2. Mas porquê esse pavor? Lembrar-se-á Louçã do debate com Portas, na parte final, em que atirou que Portas não podia falar sobre o assunto (o aborto) porque não era pai, enquanto ele, Louçã, podia fazê-lo porque tinha uma filha? E que, no dia seguinte, os jornalistas tinham descoberto que o seu argumento final não passava de um argumento pessoal e de autoridade, e que tanto insistiram que Louçã viu-se forçado a reconhecer o seu erro, justificando-se pela falta de experiência neste tipo de debates?
3. Talvez que o que Louçã queira seja evitar, na discussão da campanha para o «sim» ao aborto, que o debate seja excessivamente técnico, enredado na retórica dos argumentos infindáveis, sejam a favor do «sim» ou a «favor» do não, em que cada argumento é mais forte porque «demonstrou» a fraqueza do argumento do adversário, ainda que nunca seja possível chegar a uma conclusão absolutamente verdadeira. Ainda assim, ainda que Louça possa pretender que não se discutam as teorias, as teses, os princípios que sustentam os diferentes argumentos a favor ou contra o aborto, isso não pode significar que a melhor via, sobretudo no que respeito ao esclarecimento, não seja aquela que passa pelo esforço de racionalização do problema e da sua compreensão teórica.

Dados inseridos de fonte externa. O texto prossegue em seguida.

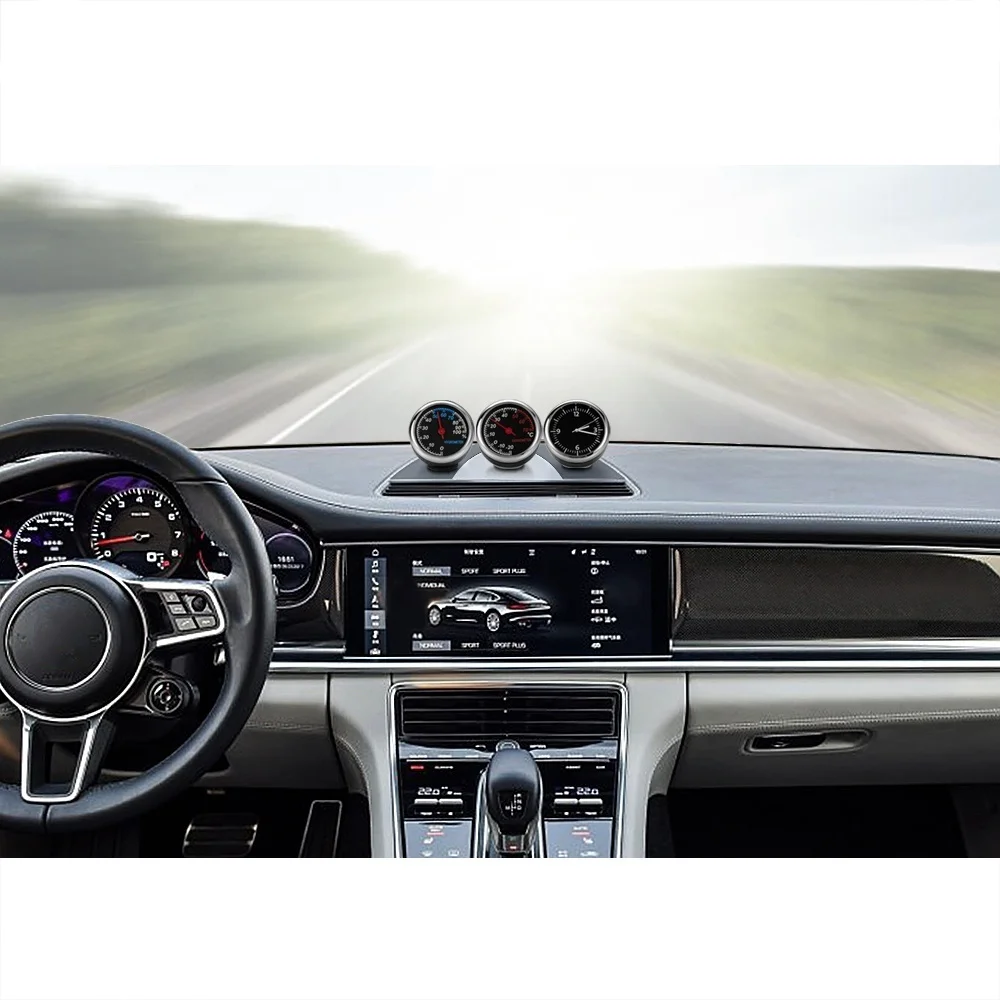 Mini digitale autoklok met the - Digital Hygrometer Probe recensie en prijs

Pode é não ser o caminho mais eficaz para o objectivo pretendido, mas isso é outro problema, o problema da eficácia de qualquer campanha. Depois, cada um usa os meios que julga dever usar…
4. É óbvio que Louça quer uma campanha condicionada ao seu argumento: As mulheres presas por abortarem provocam problemas de consciência. Ninguém quer ter problemas de consciência. Logo, descriminalize-se o aborto.
É um argumento. Mas não deixa de ser um argumento muito, muito fraquinho, sobretudo para orientar a racionalidade numa campanha pró IVG. A não ser que o propósito seja esse, o de não alimentar muitas «confusões» à volta do assunto e ir directamente ao que interessa, sem «conceitos abstractos».